Active participation in these ecosystems, both in specialized contexts and especially in those aimed at general audiences, debates and training around them, enriches the global cultural panorama and helps to consolidate new stages for artists, institutions and the general public. Artists and main actors in digital art and culture we have the great challenge, opportunity and privilege to influence and rewrite the history of digital art through responsible, positive impact, inclusive and a universal production. To generate actions that are not only limited to the art spaces themselves and their usual protagonists, but that go much further and actively involve the whole of society -without limitations- in the knowledge and practice of these new trends, their production models, tools, spaces, uses, benefits and challenges.“ Houda Bakkali
IMPACT AND TRANSFORMATION
“Art is transformative when it becomes an organic and daily tool for empowerment. Art is transformative when genius and originality inspire emotion and reflection, dialogue and recreation. Art is transformative when its aesthetic and conceptual function transcends spatial, temporal and generational boundaries. Art is a timeless, exclusive and unique luxury, and it is transformative when artists turn it into an accessible, understandable and useful commodity. Art is transformative when it has the unlimited reach and impact of transmitting and sharing knowledge. Art is a matter of form and substance, of imagination and information”. Houda Bakkali
REVIEW BY JULIET ART MAGAZINE | ITALY, 2020
The style of Houda Bakkali is unmistakable and derives from a sophisticated and often ironic mimesis of the popular contents of the urban environment, reworked through a lively chromatic pop range and an elegant and essential design. The artist seems to consider the urban scene as a festive visual spectacle in which the images imply a multiplicity of messages, of logical, emotional and symbolic meanings: metropolitan details coming from different cultures flow into her works, unexpectedly merging into a new balance without generating conflicts. If the 60s Pop Art turned its investigation to the complex and multiform panorama of the great western metropolises with the intent to carry out an irreverent reconnaissance of mass culture, Houda Bakkali widens the field of investigation to a sort of extended macro continent that reflects in a more updated way the new integrated topography of the world, increasingly founded on inevitable mutual implications.

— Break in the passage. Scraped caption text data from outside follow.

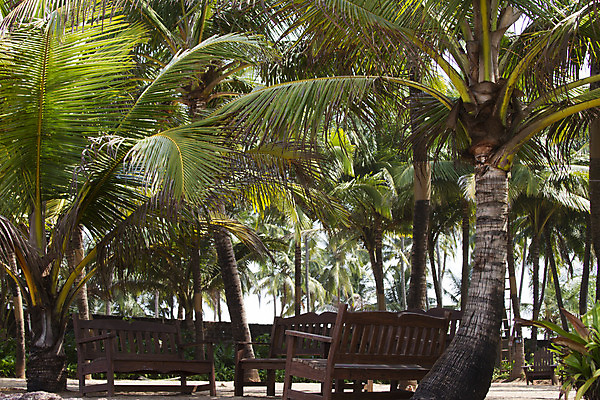 포토 JPG 해외이미지 나무 식물 구름 섬 여행 백그라운드 잎 과일 태국 자연 하늘 휴가 손바닥 풍경 사람없음 야외 초록색 물 여름 파란색 햇빛 맑음 흰색 나뭇가지 휴양지 하와이 인도네시아 태평양 코코넛 내추럴 공화국 바하마 이국적 자메이카 파라다이스 해외202004 해외포토 자연요소 손 계절 나라 아시아 바다 컬러 북아메리카 날씨 태양 미국 장소 생태계 파일형식 이미지허브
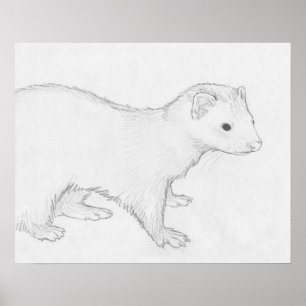 Poster de dessin de "Theo" Ferret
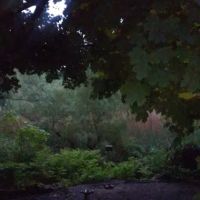 Bloessers Pond State Wetland Conservation Area ico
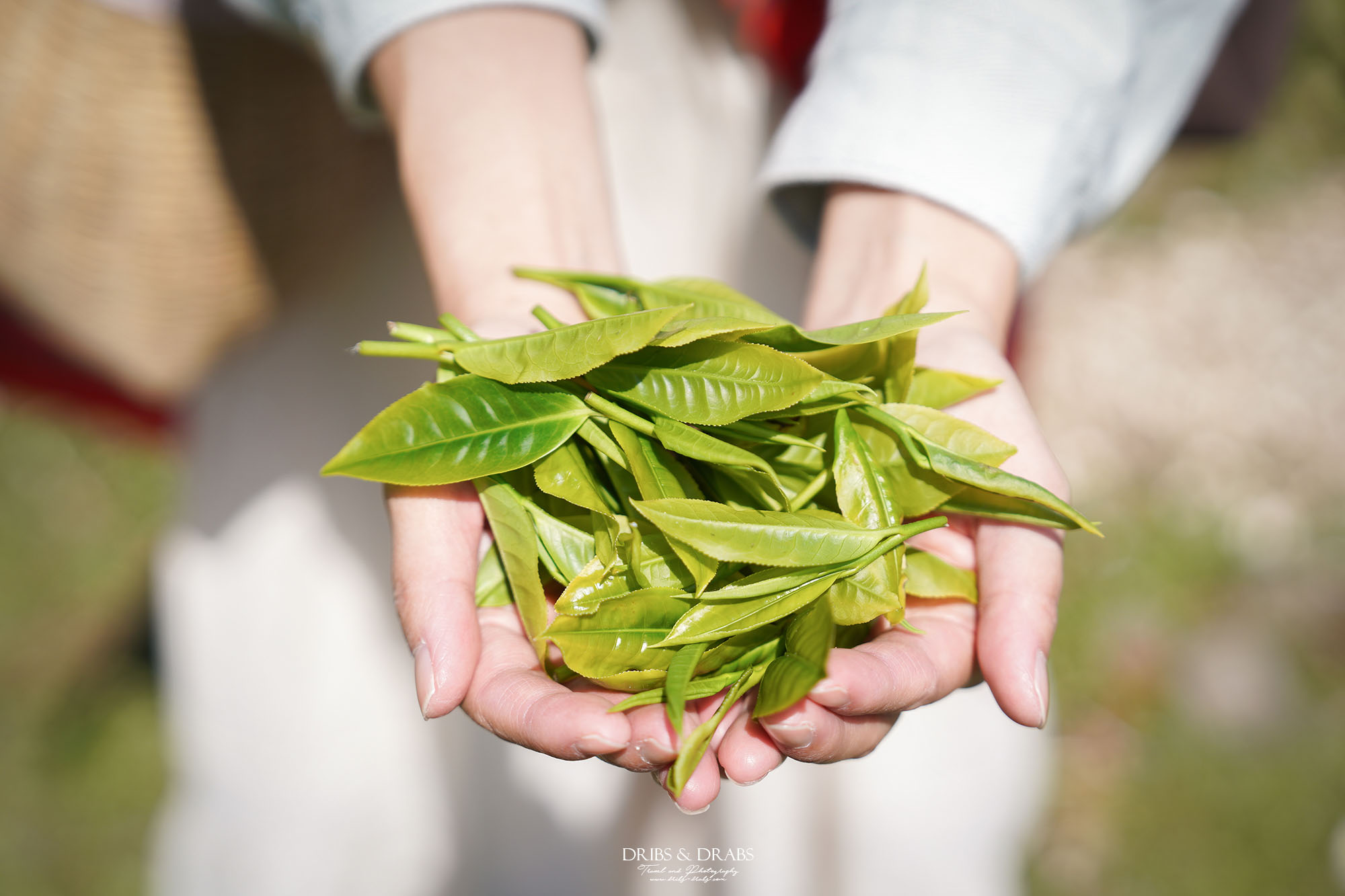 新竹尖石走走｜在雲霧繚繞的山林深處，探訪茶金和獵人黃藤的秘密
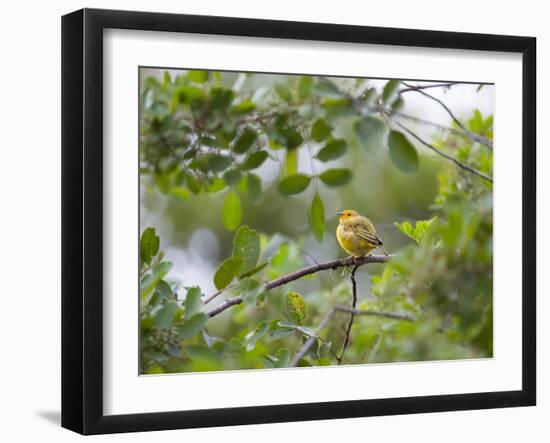 A Saffron Finch, Sicalis Flaveola, Sits on a Branch in Ubatuba, Brazil-Alex Saberi-Framed Photographic Print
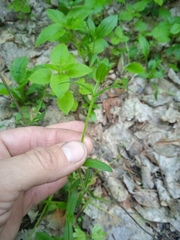 Cerastium pauciflorum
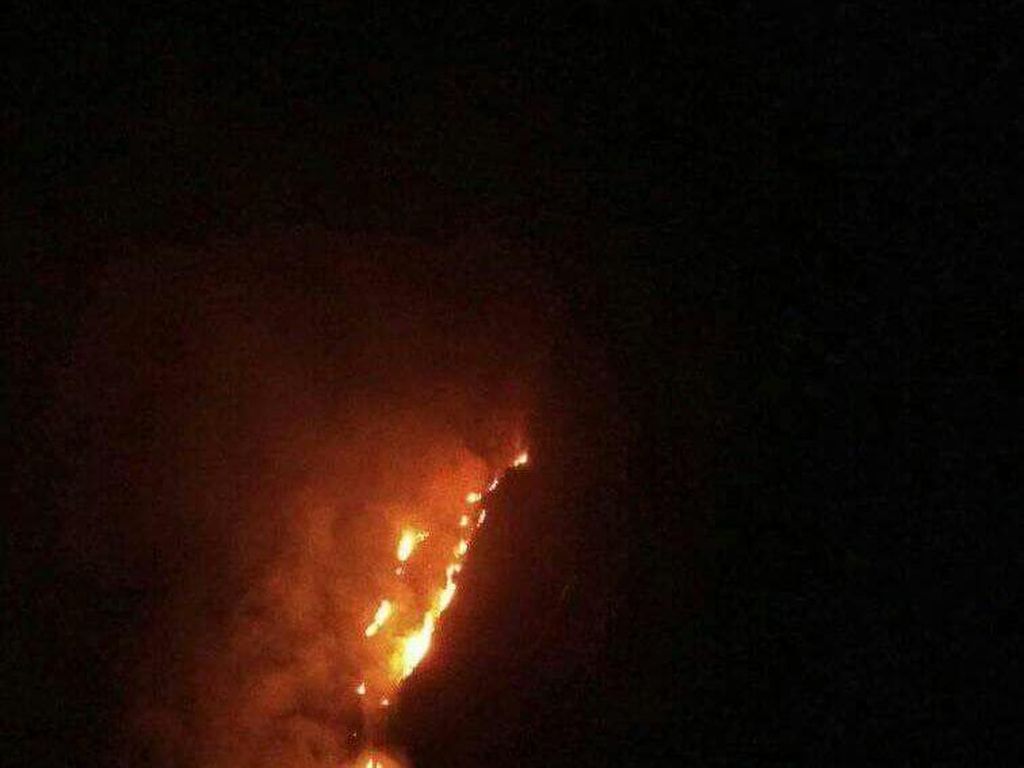 Lahan Wisata Gunung Batu Bogor Terbakar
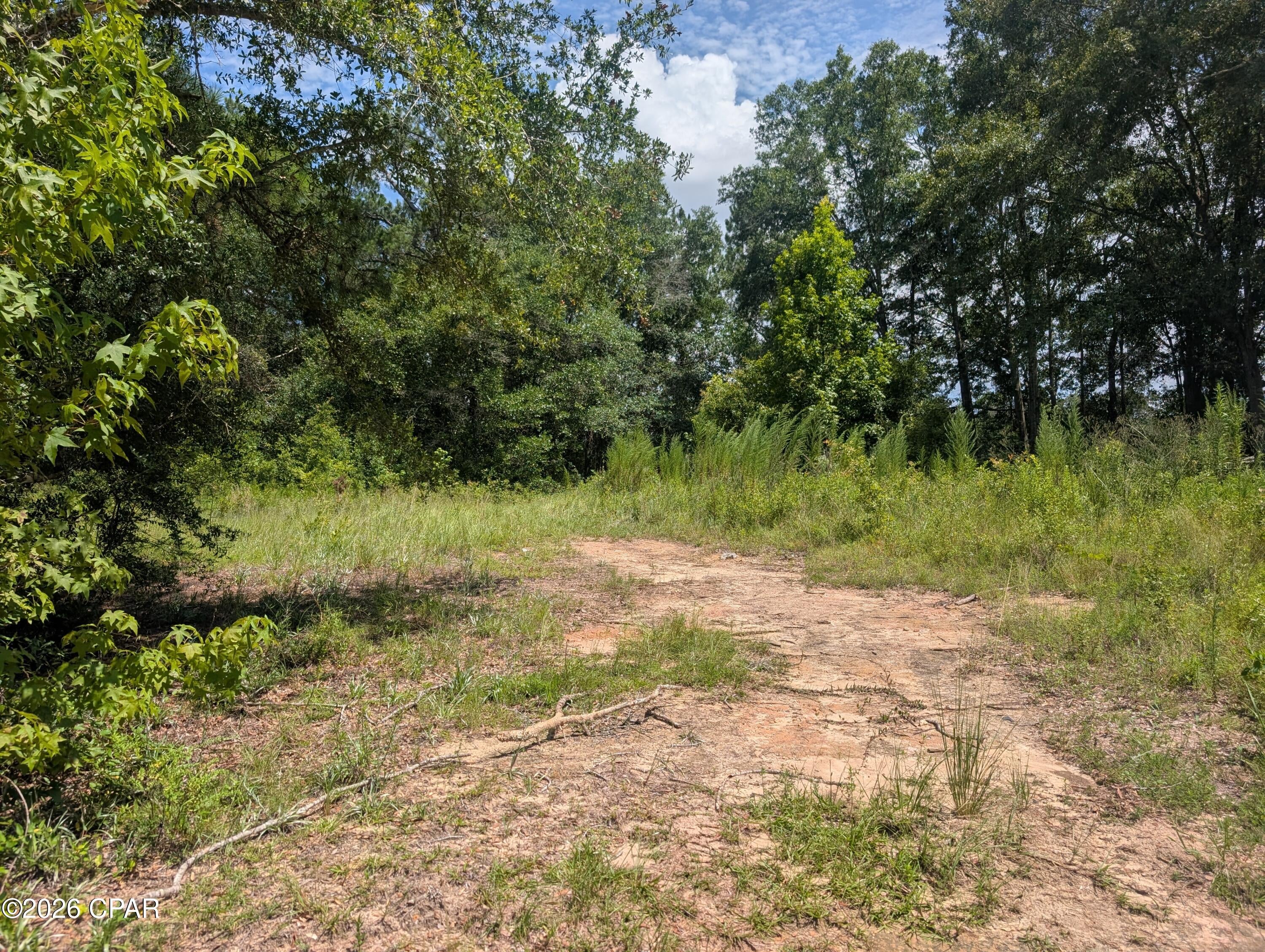 Dogwood Lake Estates - Land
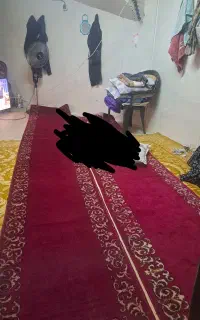قالی کناره دست باف پشمی دونه ۲۵۰۰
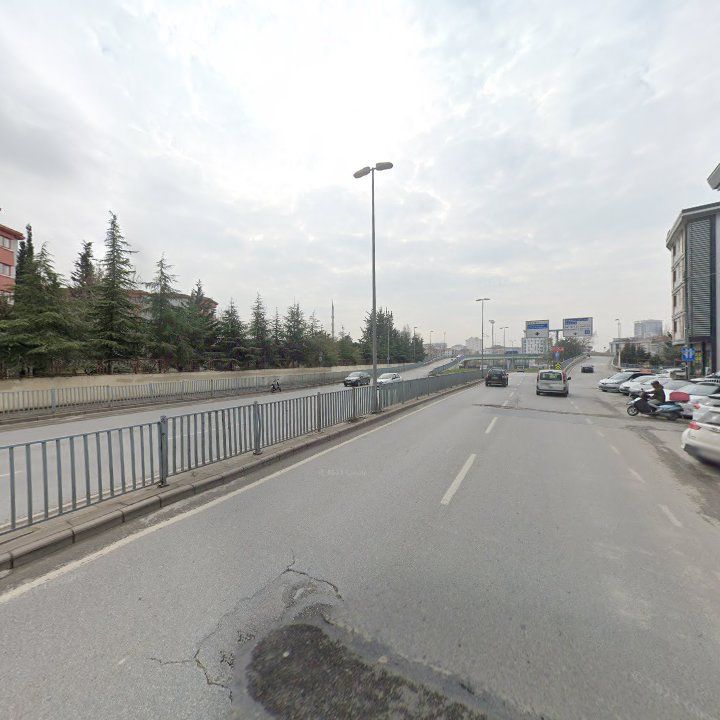 Fotoğraf 13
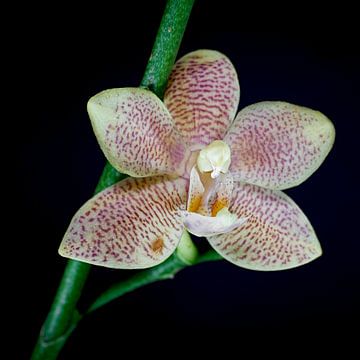 Bloem van een bloeiende orchidee met een zwarte achtergrond
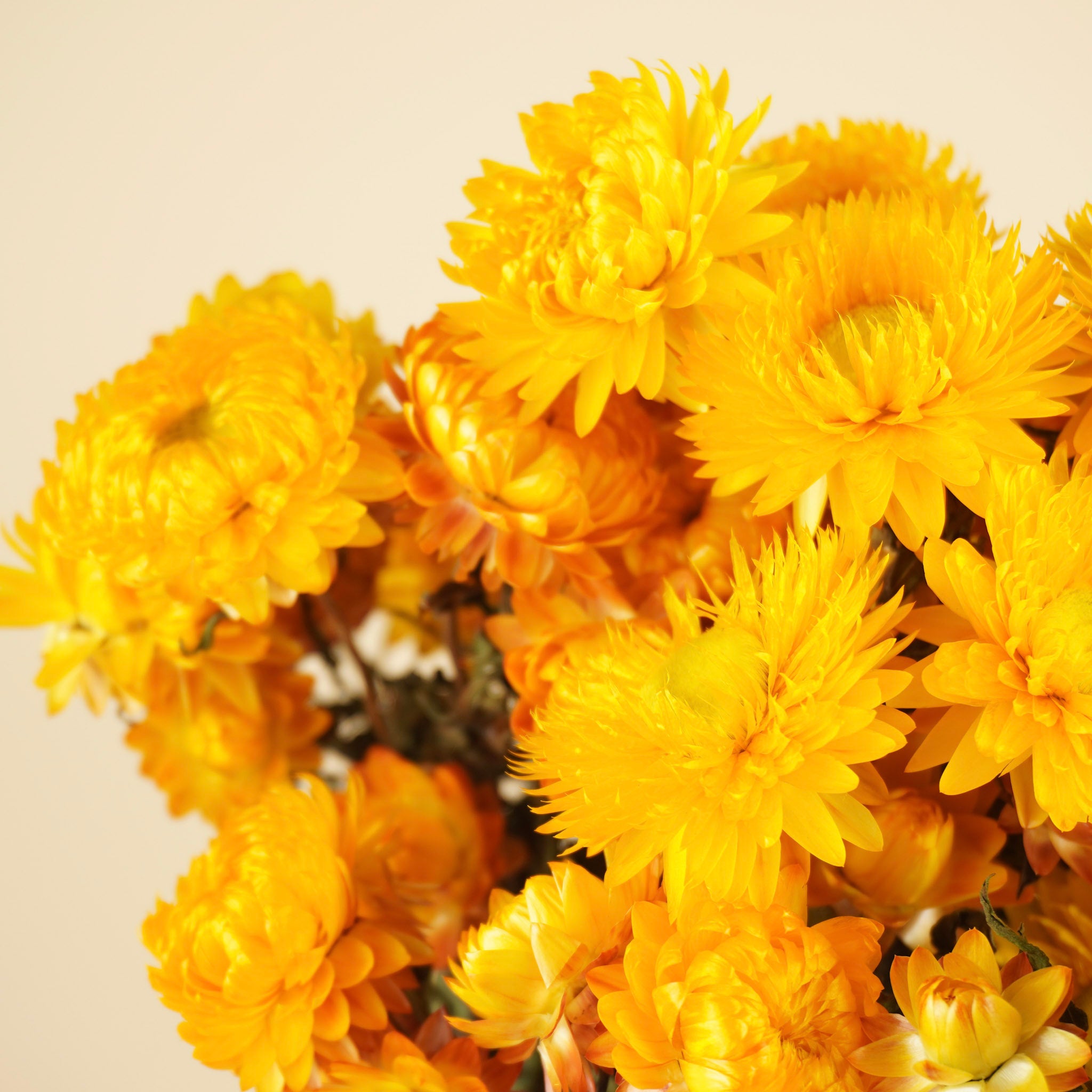 Helichrysum séché jaune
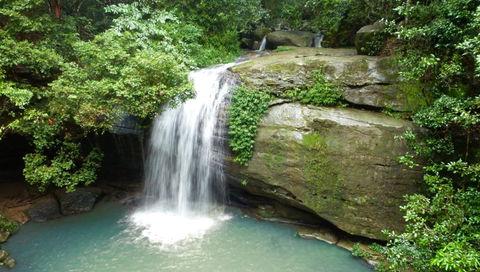 Buderim Forest Hideaway - Dentist Find 0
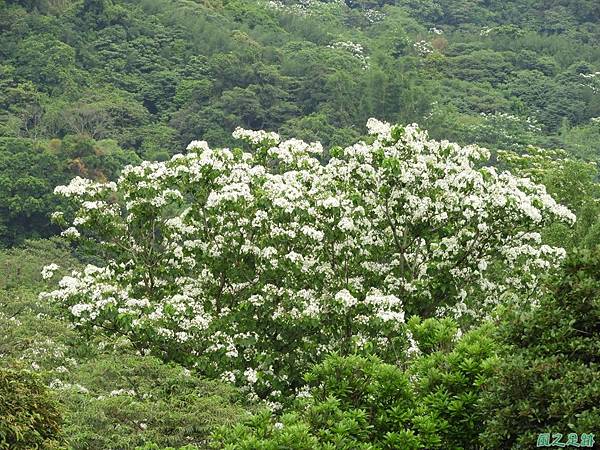 新竹鄉道桐花遊20190428(21)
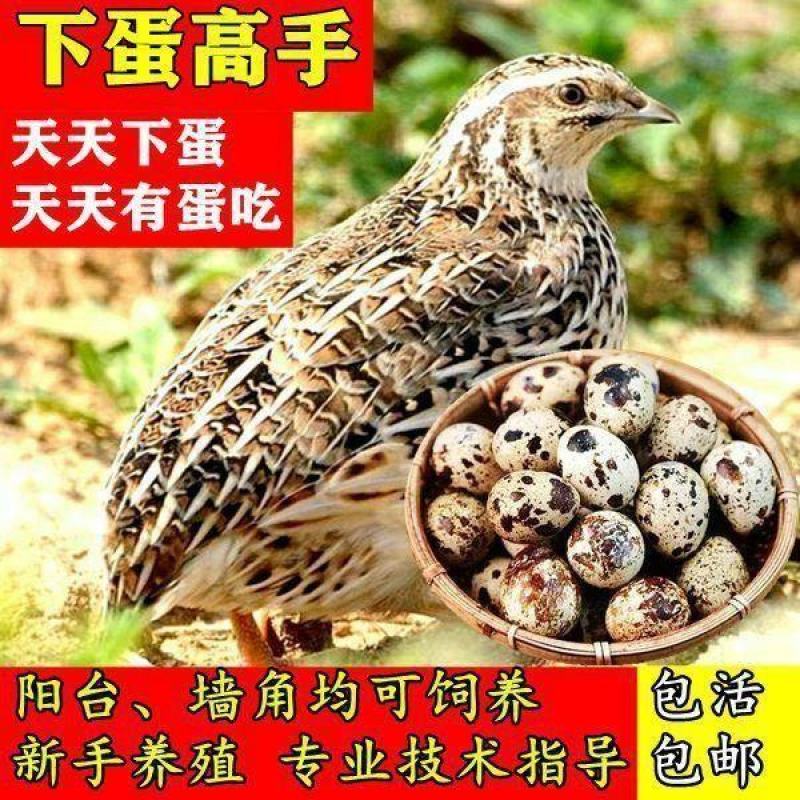 巨型黄莎维麦脱鹌鹑活体非洲黑法国巨型法巨鹌鹑活物中华白羽
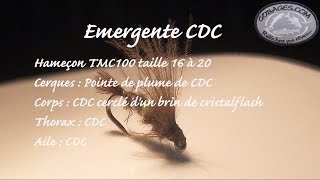 Emergente cdc [upl. by Haidebej]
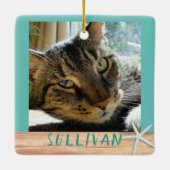 Tweezijdig foto's van Startviskeramisch Ornament (Achterkant)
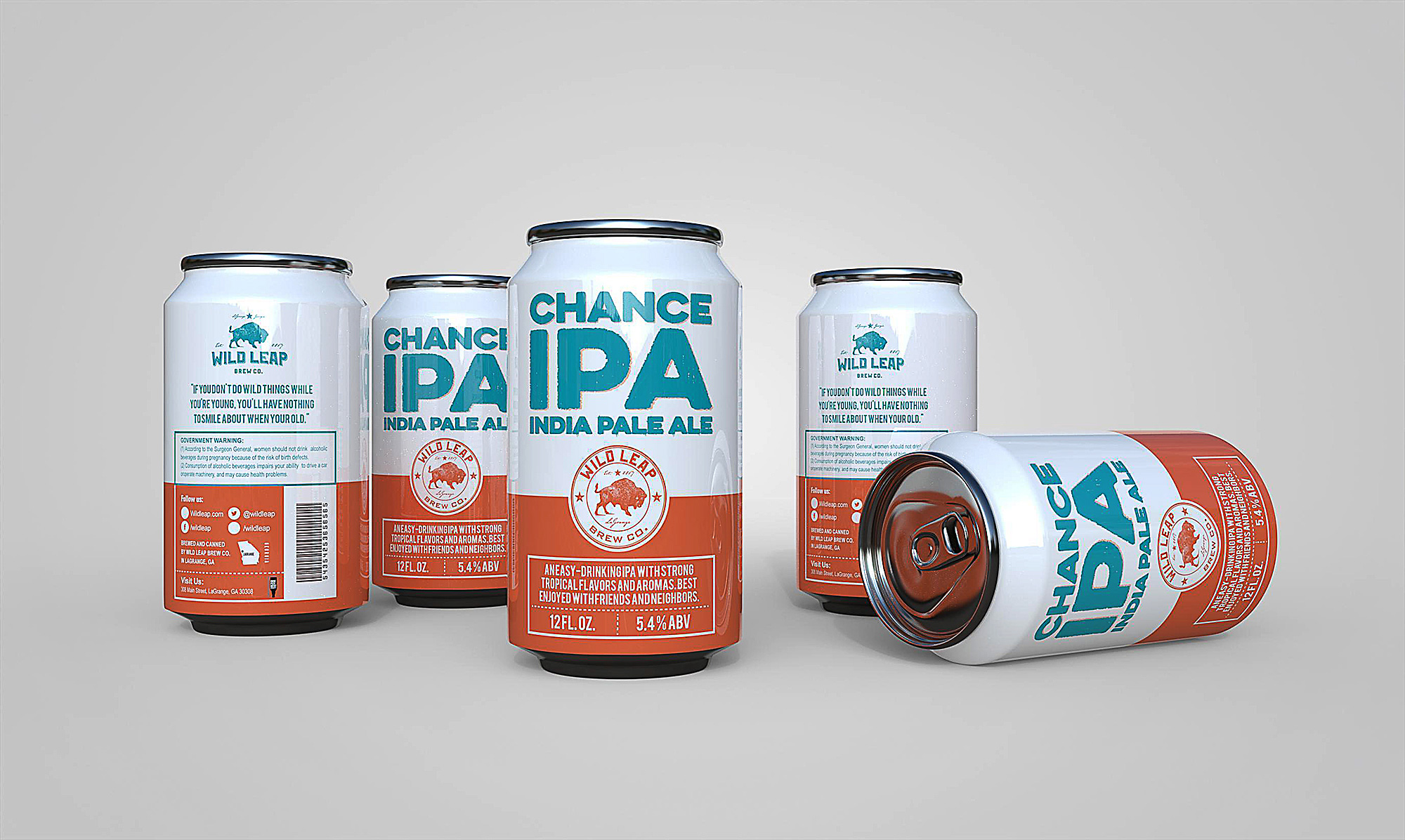 Can beer design and 3D rendering in Label Design Inspiration by Giocovision
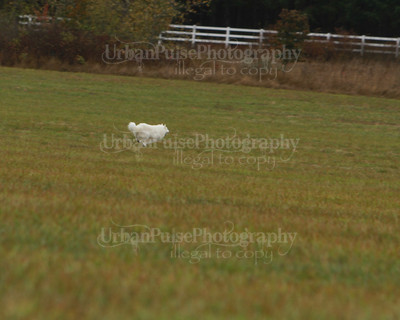 SCA2016_LURE COURSING-7607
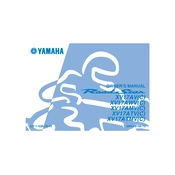 Yamaha XV17AV C, XV17AWV C, XV17AMV C Road Star 2006 manual cover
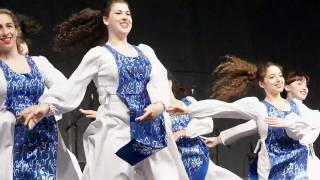 HAVA NAGILA Jewish Punjabi Israel India Dance  Downtown Bhangra Vancouver [upl. by Thamos]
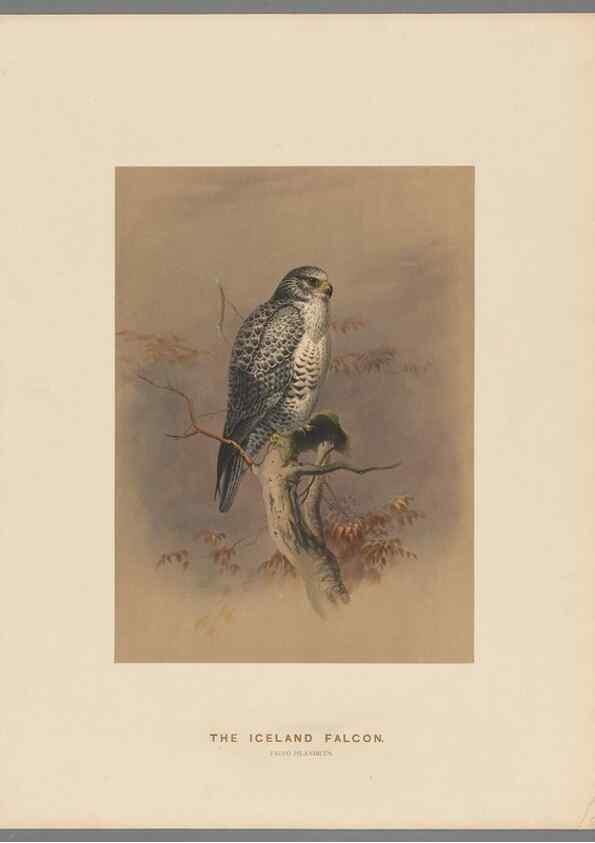 Reproducción/Reproduction 49418608588: Zoological sketches /. London :Henry Graves,1861-1867..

Her language shares with the “historical” Pop Art the intent to arouse in the viewer an immediate response and the awareness that the multi-faceted cultural horizon in which we find ourselves living is a reality that cannot be evaded or denied, but must be investigated and understood in its formative factors and in the interconnections that animate its dynamics. In recent decades, society has profoundly changed: well-being, which for some time seemed to be within everyone’s reach, has revealed its prevaricating background against the environment and the populations where mass production has been displaced.
Values have changed, today increasingly in tension between the two opposite poles of ideology and total dissolution, the vision of the world has changed, which oscillates vertiginously between bewilderment and a childish individualistic narcissism. In such a heterogeneous context it is very easy to lose orientation and not be able to find a coherent and not partial reading key to the world around us.